Synthèse: les formes de l’intelligence
Les sociétés postindustrielles valorisent un certain type d’intelligence logico-verbale; il n’en a pas toujours été ainsi. D’autres formes de performances physiques ou morales ont connu leurs heures de gloire sous les archétypes médiévaux du fidèle et noble chevalier ou du paysan solide et courageux. Aujourd’hui l’Europe et les pays anglo-saxons multiplient les recherches sur la notion d’intelligence et plus précisément les manifestations de cette dernière. Néanmoins des enjeux idéologiques et sociaux engagent les travaux dans des directions fort différentes selon que les postulats qui les animent ressortissent ou non d’une certaine vision de l’homme au-delà de la simple performance mentale. Quelles sont les avancées en matière d’étude et de définition de l’intelligence ou plus précisément des intelligences ? Quelles applications ces recherches pluridisciplinaires envisagent-elles qui remettent en question les catégories classiques des conceptions relatives à l’intelligence de l’animal, l’homme voire la machine?)

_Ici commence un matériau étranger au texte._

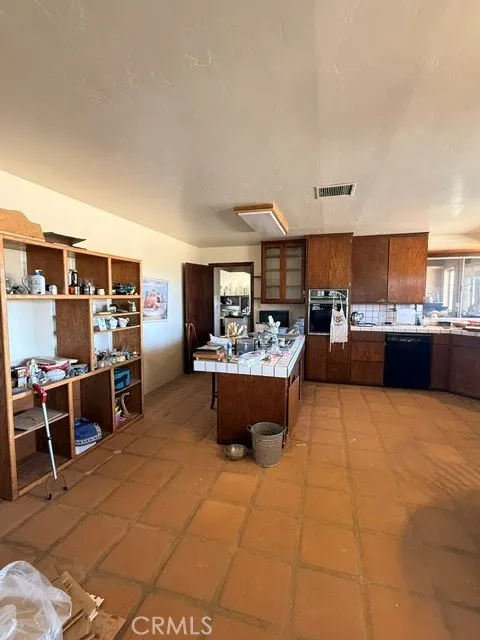 575 Warren Vista Yucca Valley, CA 92284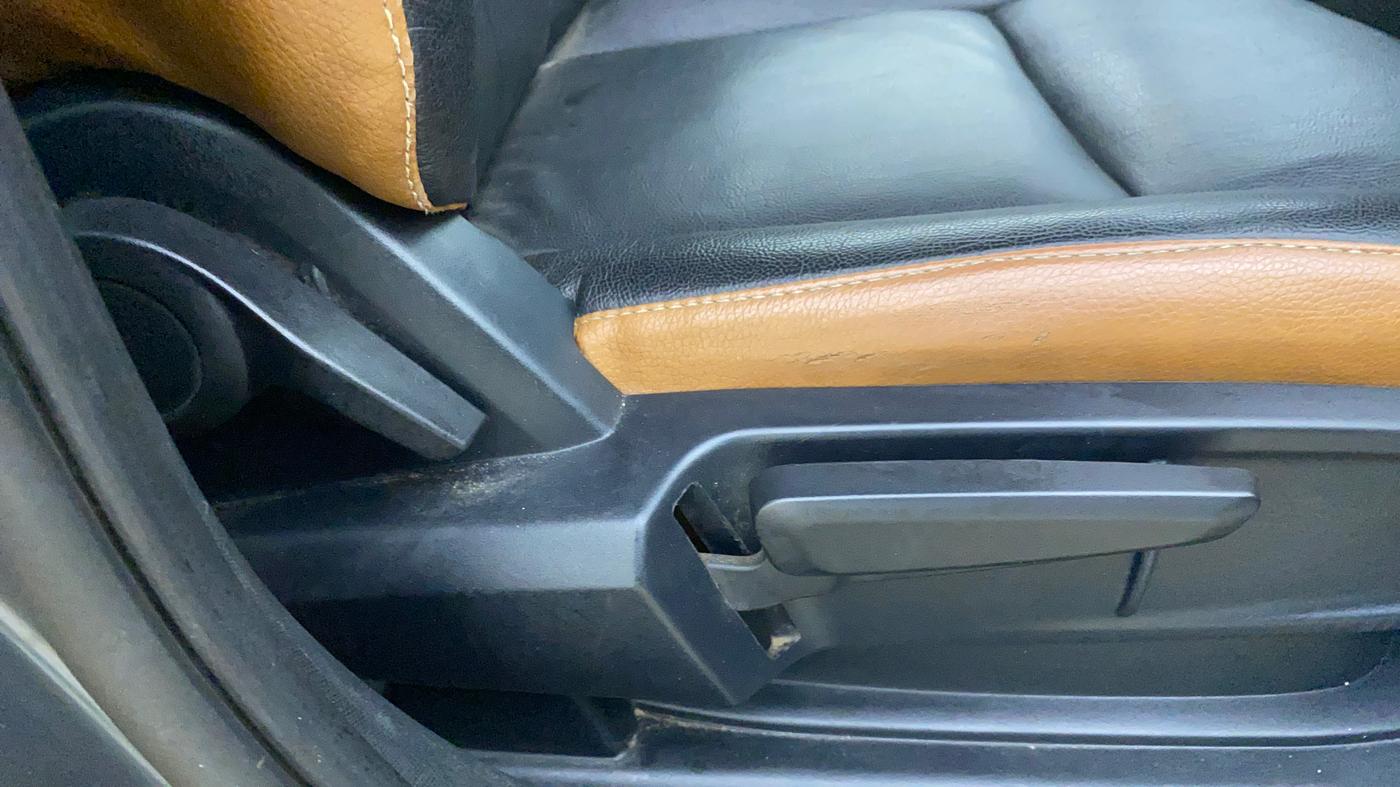 2020 Tata ALTROZ XZ PETROL, Petrol, Manual, 88,724 km, Driver Side Adjustment Panel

Exemple de forme de d’intelligence mathématique avec une séance de calcul mental sur un enfant n’ayant pas forcément de « compliments « de la part de sa maîtresse.
I – Pourquoi une typologie des formes d’intelligence ?
L’approfondissement des études menées dans des disciplines aussi différentes que la psychologie, l’éthologie ou les neurosciences a abouti à un fractionnement des sujets d’étude concernant l’intelligence. Seul demeure le vieux débat sur la genèse de l’intelligence avec cependant un modus vivendi concernant les parts respectives de la génétique et de l’environnemental. )
Les approches psychométriques, développementales, différentielles et cognitives.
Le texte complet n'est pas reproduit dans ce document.